Los lunares de mi prima
LOS LUNARES DE MI PRIMA
La historia de los únicos amores serios que he tenido, es algo que siempre he deseado contar y que hasta hoy no lo he hecho esperando que abandonara la tierra, aquella que debió ser mi compañera.
Hoy que eso ha sucedido, quiero confiar al papel lo que solo durante tantos años ha guardado mi memoria.
Nunca me acuerdo de la época en que hube de casarme con mi linda prima Margarita, sin que se erize el cabello.
Si no hubiera sido la indiscreción de Pedro, el gallego sirviente que desde hacía tres años tenía mi tío Cipriano, indudablemente yo sería a la fecha un honrado padre de familia y no un solteron calavera que pasea continuamente del brazo con el fastidio.
Sin embargo, le agradezco al pobre gallego el servicio que me hizo, impidiéndome que con el tiempo llegara a ser uno de esos que llevan lo que todos ven menos ellos.
Al cumplir los veinte y cuatro años y recibir mi título de escribano, me encontré solo en el mundo; sentí la nostalgia del hogar; quise hacerme una familia, hablando claro.
Entonces me fijé en mi prima Margarita, cuyo padre había sido tan bueno para mí.
Noté que era una real moza y me expliqué recién la causa porque me daba rabia cuando sabía que alguno la festejaba o le hacía monerías que yo siempre encontraba estúpidas.
Era una morochita rosada, dueña de unos ojos negros, pestañudos y más llenos de promesas que boca de un candidato presidencial, y de un cuerpo, un aire, un modo de caminar y un lunar sobre la boca, un poco a la izquierda de la nariz, que eran verdaderamente enloquecedores.
¡Y luego aquel pelito corto que usaba y le daba un aire tan calavera!
Traté de entenderme con ella y a poco andar lo conseguí, máxime cuando mi pobre tío Cipriano hacía tiempo que me tenía echado el ojo para yerno.
Obtenido el consentimiento de los tíos de hacer de su hija mi compañera y previo el beneplácito de ésta que, entre paréntesis, lo concedió no bien lo solicité, me entregué con todo ardor a ser un perfecto novio.
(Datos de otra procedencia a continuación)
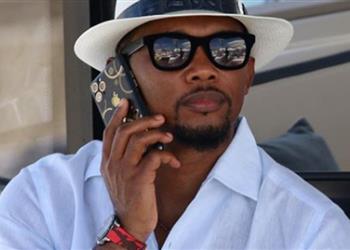 أسطورة الكاميرون يهاجم إيتو بسبب تصريحاته عن كأس العالم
La madrugada ya me encontraba vestido para asistir a la misma misa que ella, un pretexto como otro cualquiera que teníamos, para asestarnos miradas matadoras en las cuales creíamos envolver poemas de amor sublime.
Más tarde venía el almuerzo en su casa, al cual era infaltable, y en el que siempre tenía la suerte de quedar sentado al lado de mi prima Margarita y enfrente a su lunar, a aquel pequeño puntito, negro que daba a su fisonomía un aire tan picarezco.
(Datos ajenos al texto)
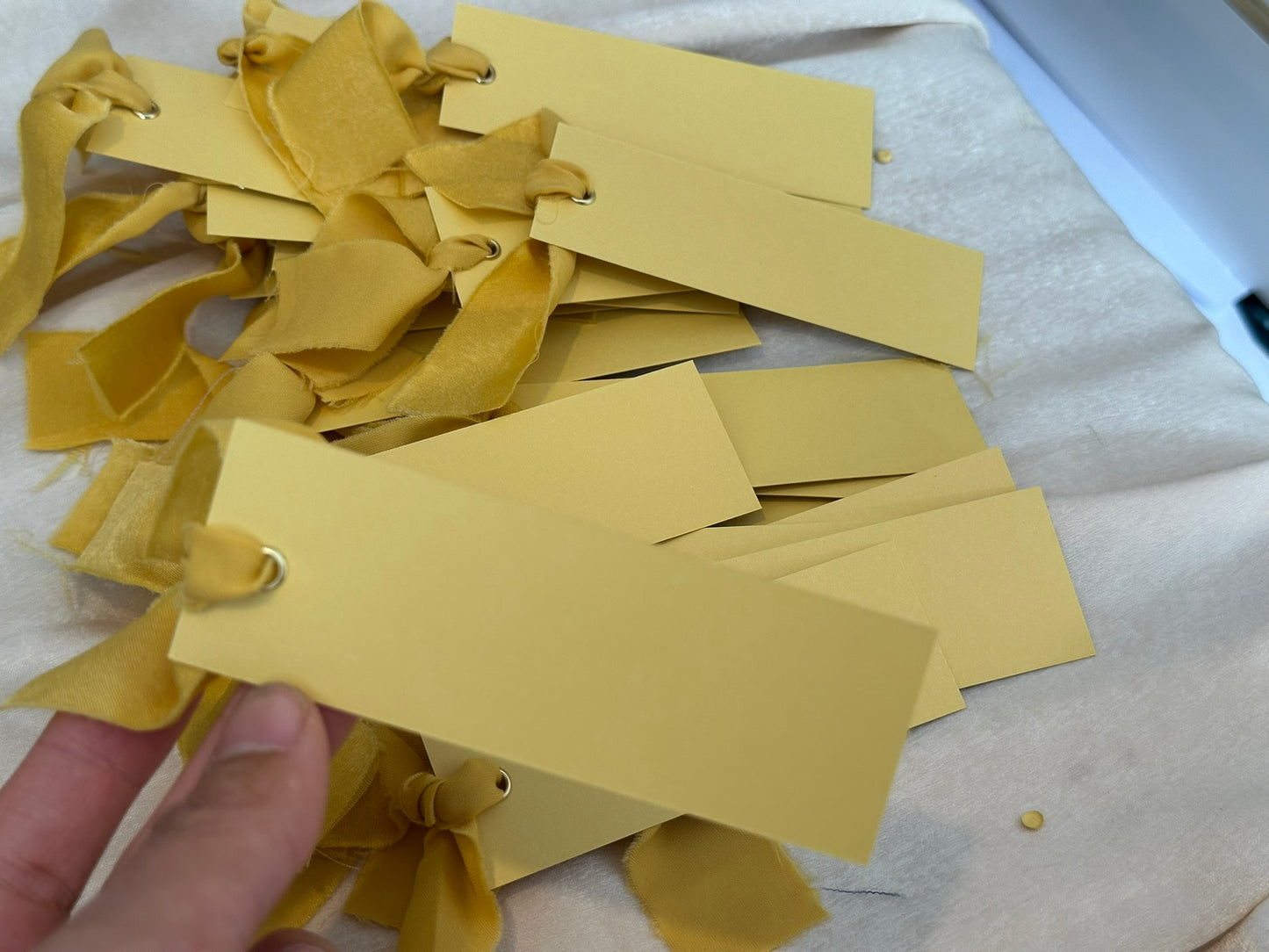 25 BLANK LEMON Yellow Chiffon Ribbon Place Card with Eyelet | DIY Wedding Dinner Party Place Card, Write Your Own Place Setting | Green Wedding Baby Shower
Luego un pretexto u otro, me llevaba a su casa cada media hora ¡había llegado a ser para mi una especie de necesidad verla lo menos cincuenta veces por día.
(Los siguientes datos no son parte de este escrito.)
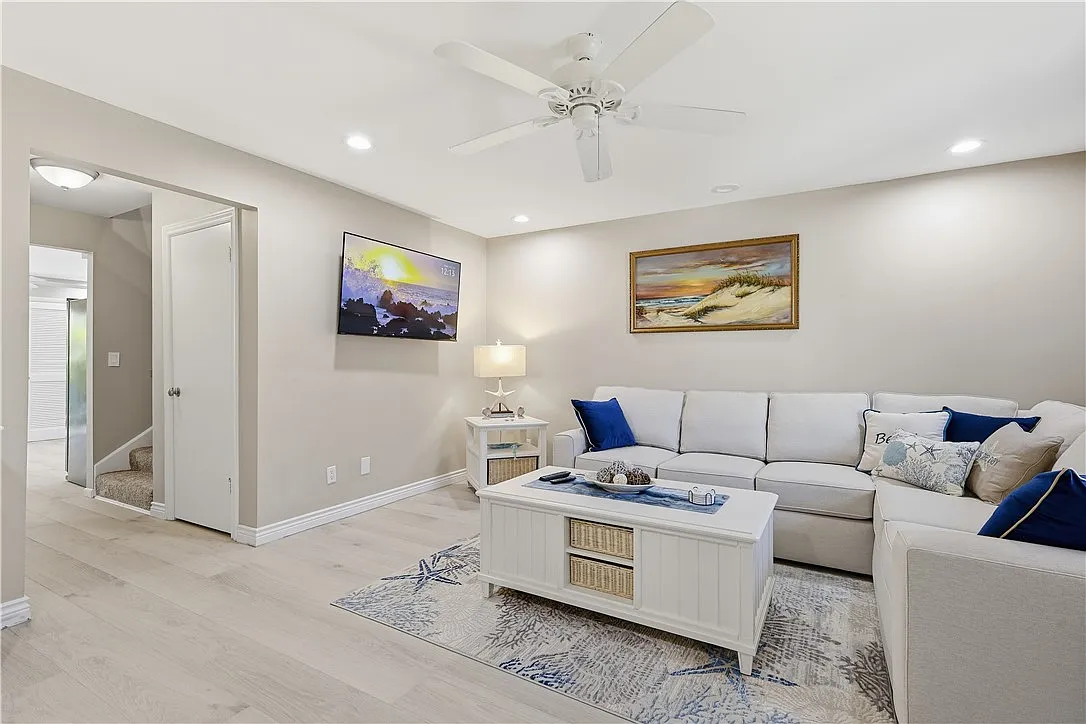 2 bed, 2.5 bath, 1460 sqft, $3,000 — Photo 3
¡Oh! no nos cansábamos de hablar con los ojos yo y mi linda prima Margarita!
Un nido de amor comencé a arreglarme, donde no se colocaba un solo objeto, sin que la que debía habitarlo conmigo pusiera su visto bueno.
Queríamos que nuestra casita fuera así pequeño edén que no tuviera igual en la tierra.
¡Y cómo nos deleitábamos, en las horas que pasábamos juntos, pensando en los placeres que nos esperaban!
Egoistas con nuestro cariño, vivíamos sólo el uno para el otro en nuestro paraíso, no teniendo ella más Dios que yo, ni yo más Dios que ella!
Acercándose el día feliz de nuestra unión, algunas plantas de mérito que debían colocarse en el jardín, sólo faltaban para que el pequeño nido estuviera terminado.
Y yo, acompañado del gallego Pedro, determiné ir a buscarlas a la quinta que el tío poseía en Morón.
Se deshizo en pinturar sobre las bondades de ella, su inteligencia, su gracia y su belleza.
—Qué lindo lunar el que tiene en la cara, le dije entusiasmado.
—Ese nu es nada, me contestó, si viera los otros.
—¿Cuáles otros?... le repliqué alarmado por los conocimientos que demostraba tener.
—¡Pues!... lus que tiene en lus muslitus y en otras partes que yu me sé... Esus si que valen!
E hizo aquel salvaje una mueca con pretenciones ridículas de guiñada.
Inútil me parece decir que no traje plantas de la quinta de mi tío Cipriano y que en mi visita de la noche tuve tal pelotera con mi bella prima Margarita, que nuestro compromiso quedó roto para siempre, comenzando yo al otro día a deshacer el pequeño nido casi terminado.
En cuanto al pobre viejo, que permaneció ignorante de los acontecimientos de Pedro, decía siempre que hablaba de mí:
—Es un loco de remate... un tarambano que morirá como un perro.